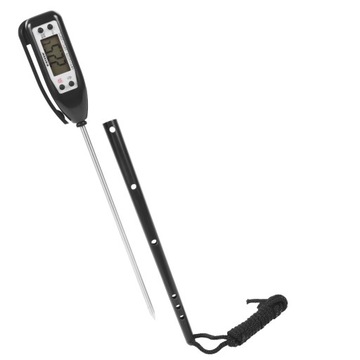 Termometr do żywności BROWIN 145709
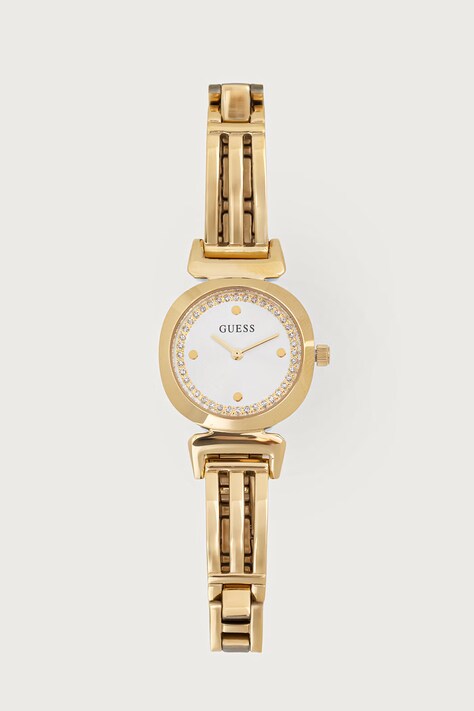 Guess Zegarek damski GW1083L2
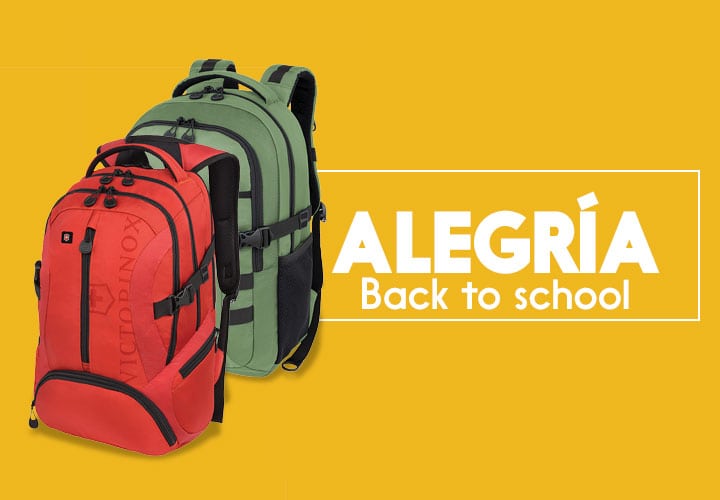 alegria-back.to.school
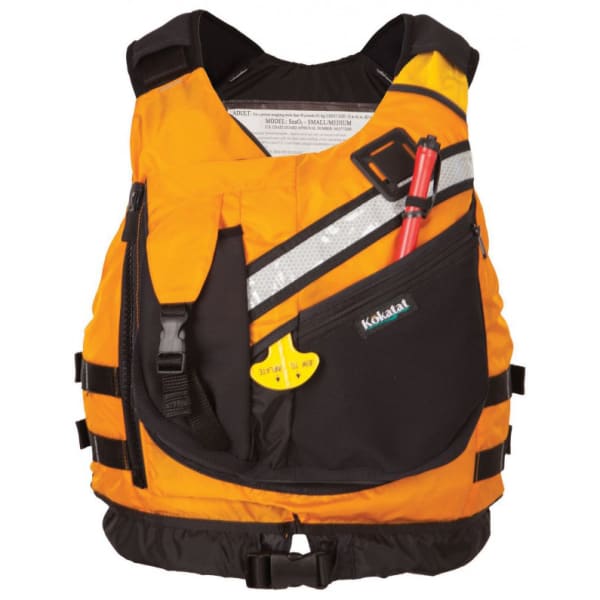 KOKATAT Sea02 PFD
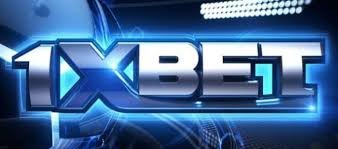 1xBet Thailand Casino A Comprehensive Guide to Online Gaming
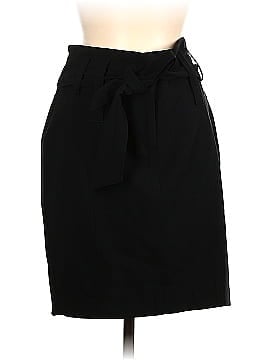 Hybrid Casual Skirt (view 1)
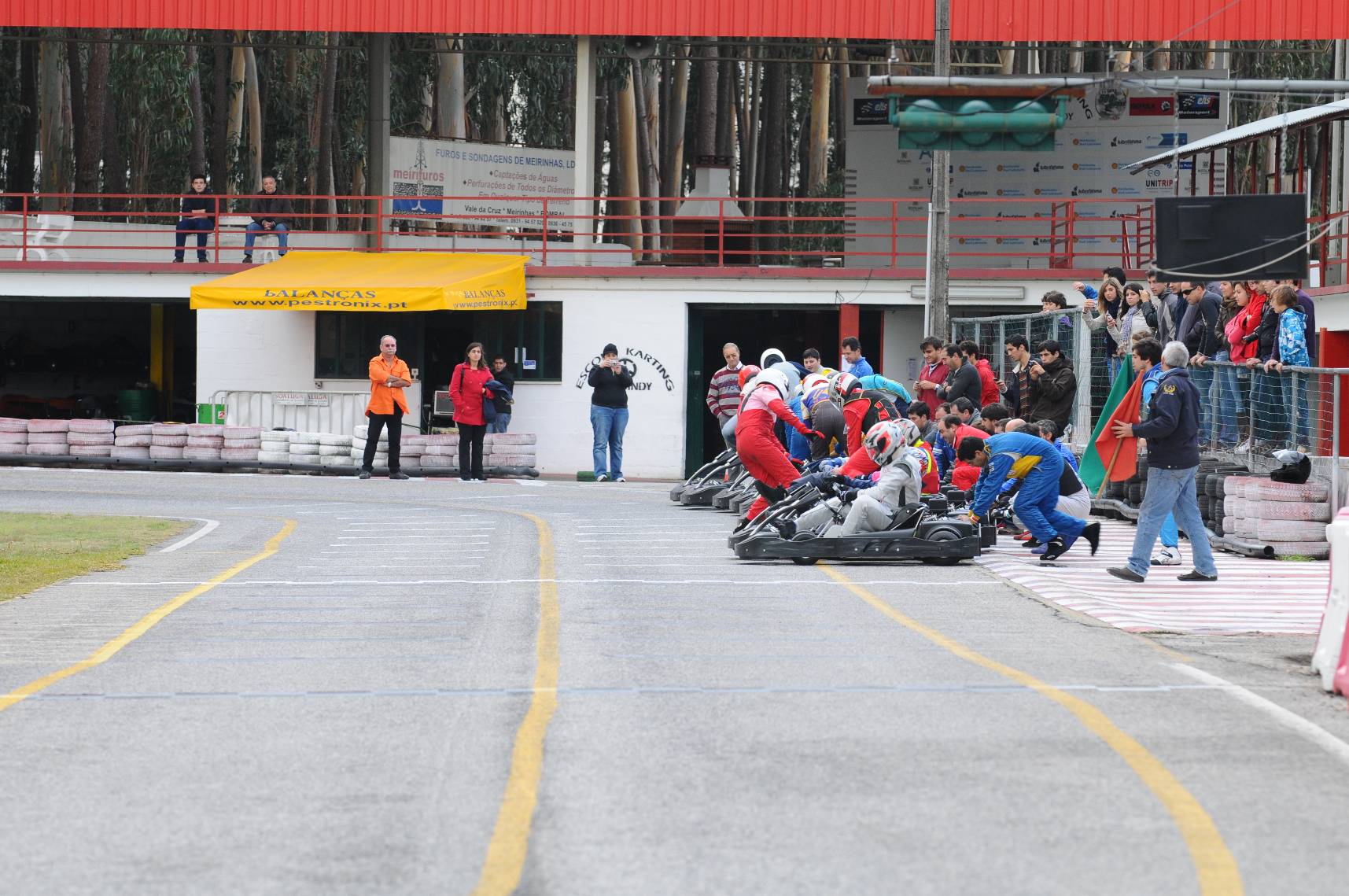 PMH Racing59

========================================

In your copy, omit the pictures and restate every line of the data word for word.

 Termometr do żywności BROWIN 145709
 Guess Zegarek damski GW1083L2
 alegria-back.to.school
 KOKATAT Sea02 PFD
 1xBet Thailand Casino A Comprehensive Guide to Online Gaming
 Hybrid Casual Skirt (view 1)
 PMH Racing59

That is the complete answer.